Por isso, meus advogados entraram com uma representação no Comitê de
Direitos Humanos das Nações Unidas, relatando os abusos cometidos por
algumas autoridades judiciais que querem a todo custo me eliminar da
vida política do país.
A minha trajetória de mais de 40 anos de militância democrática, que
começou na resistência sindical durante os anos sombrios da ditadura,
prosseguiu no esforço cotidiano de conscientizar e organizar a
sociedade brasileira pela base, até ser eleito como o primeiro
Presidente da República de origem operária, é o meu maior patrimônio e a
ele ninguém me fará renunciar.
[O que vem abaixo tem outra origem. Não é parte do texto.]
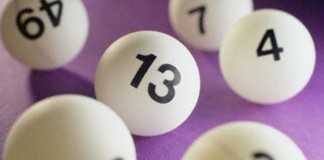 Varias bolas de lotería blancas numeradas, como una estrategia creativa de marketing online, están esparcidas sobre una superficie violeta, mostrando los números visibles 13, 4, 6, 7 y 2. Cada número representa el objetivo de crear combinaciones ganadoras.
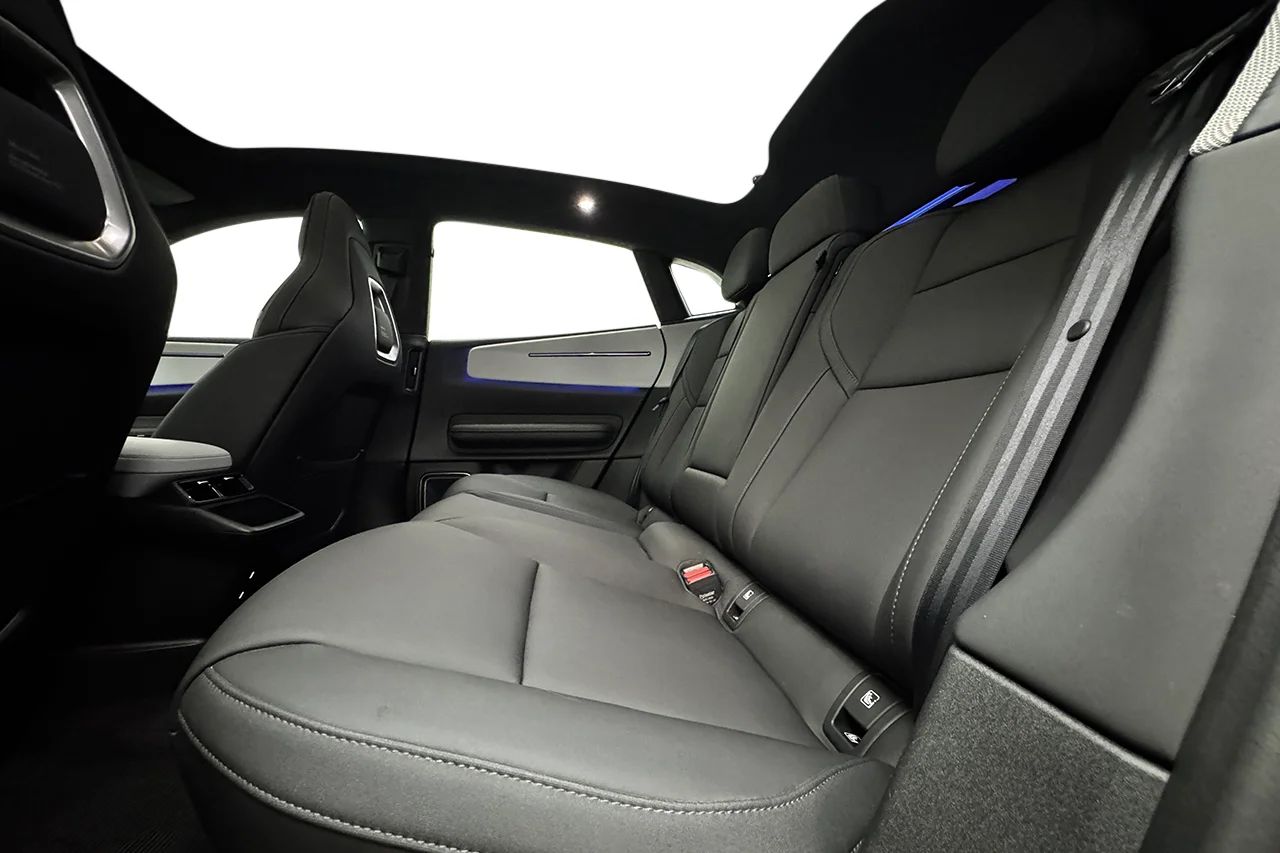 Polestar 4 Coupé Long R Dual Plus Pilot Pano H/K P-Klimat 544hk – bild 15 av 37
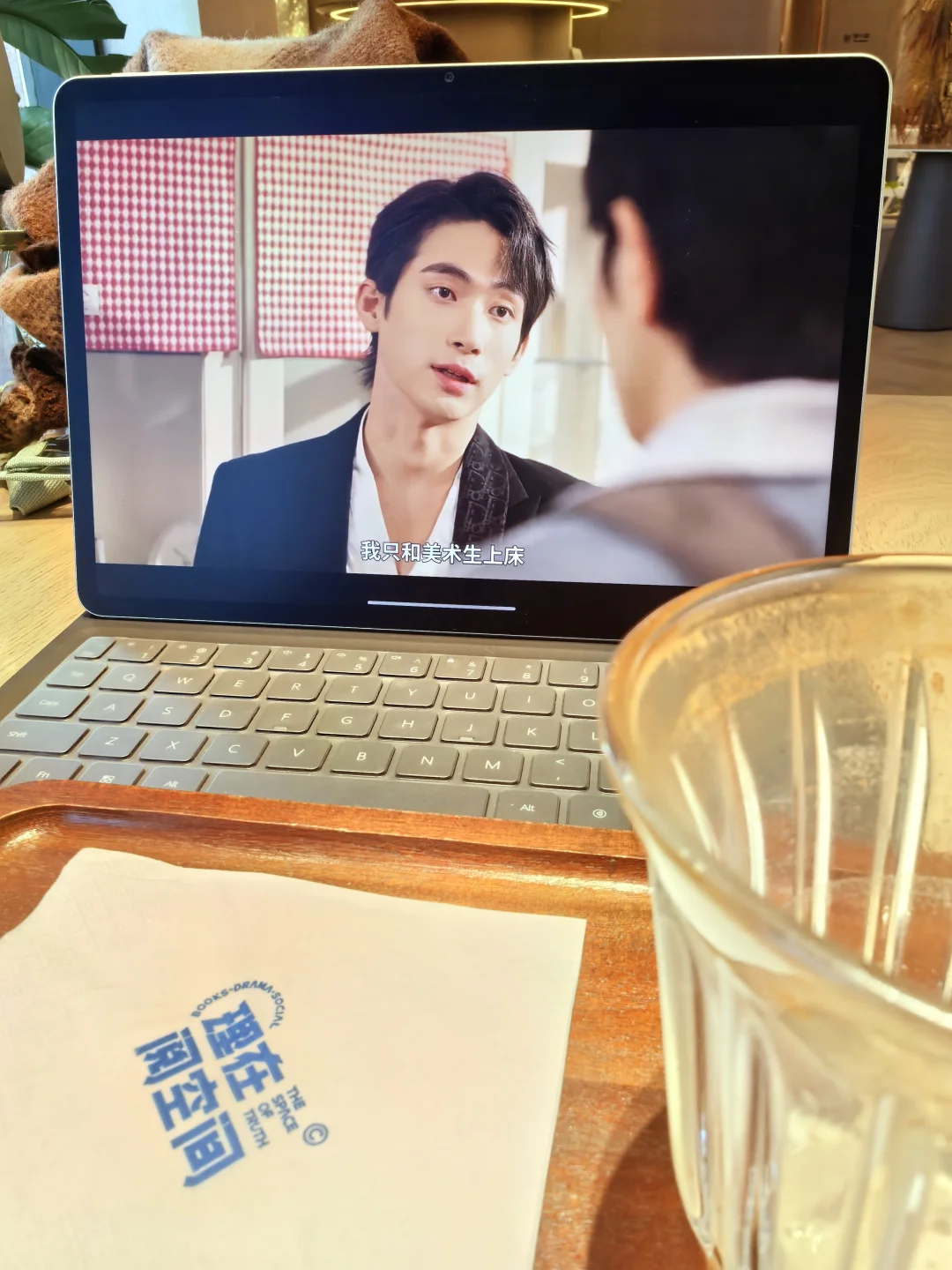 我的老天奶！第一集就这么刺激吗？我的眼睛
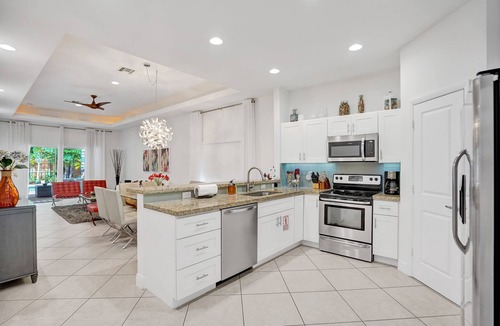 South Corals House | Coral Reef Villa – 3BR/2BA with Heated Pool, Grill & Private Patio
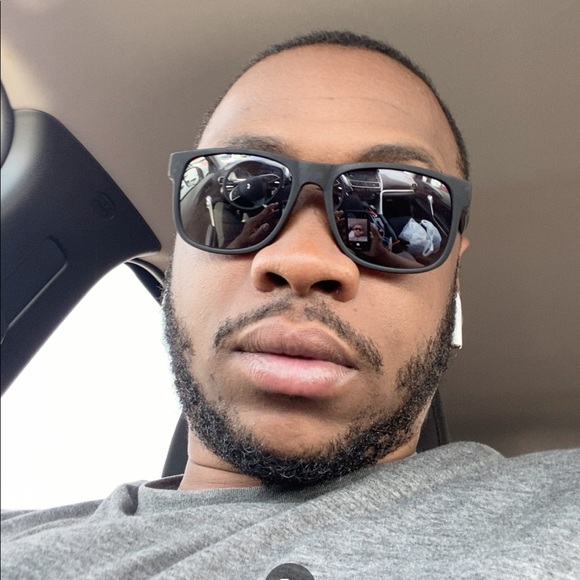 Profile Picture of Timothy Daniel (@flap23mj) on Poshmark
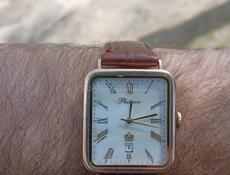 Часы золотые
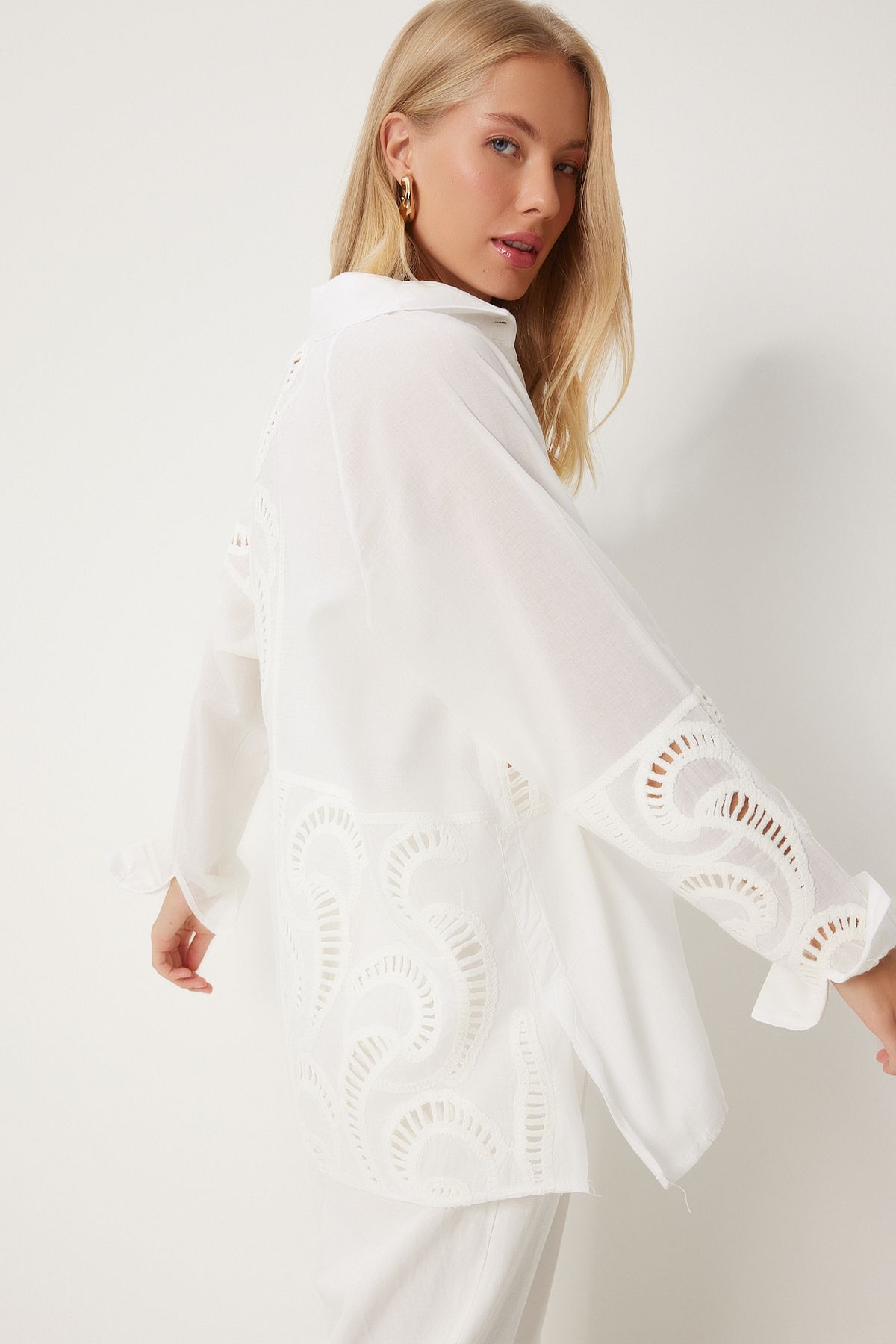 Female Ecru Outlet Lace Embroidered Linen Shirt QS00005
Os vínculos de fraternidade que construí
com os brasileiros e brasileiras na cidade e no campo, nas favelas e
nas fábricas, nas igrejas, nas escolas e universidades, e que levaram a
maioria do nosso povo a apoiar o vitorioso projeto de inclusão social e
promoção da dignidade humana, não serão cancelados por nenhum tipo de
arbitrariedade. Da mesma forma, nada me fará abrir mão, como sabem as
lideranças de todo o mundo com as quais trabalhei em harmonia e estreita
cooperação -- antes, durante e depois dos meus mandatos presidenciais –
do compromisso de vida com a construção de um mundo sem guerras, sem
fome, com mais prosperidade e justiça para todos.
Agradeço desde já a generosa atenção que o senhor dedicou a esta
mensagem e coloco-me à disposição, como sempre estive, para qualquer
esclarecimento ou reflexão de interesse comum.
Reiterando o meu respeito e amizade, despeço-me fraternalmente.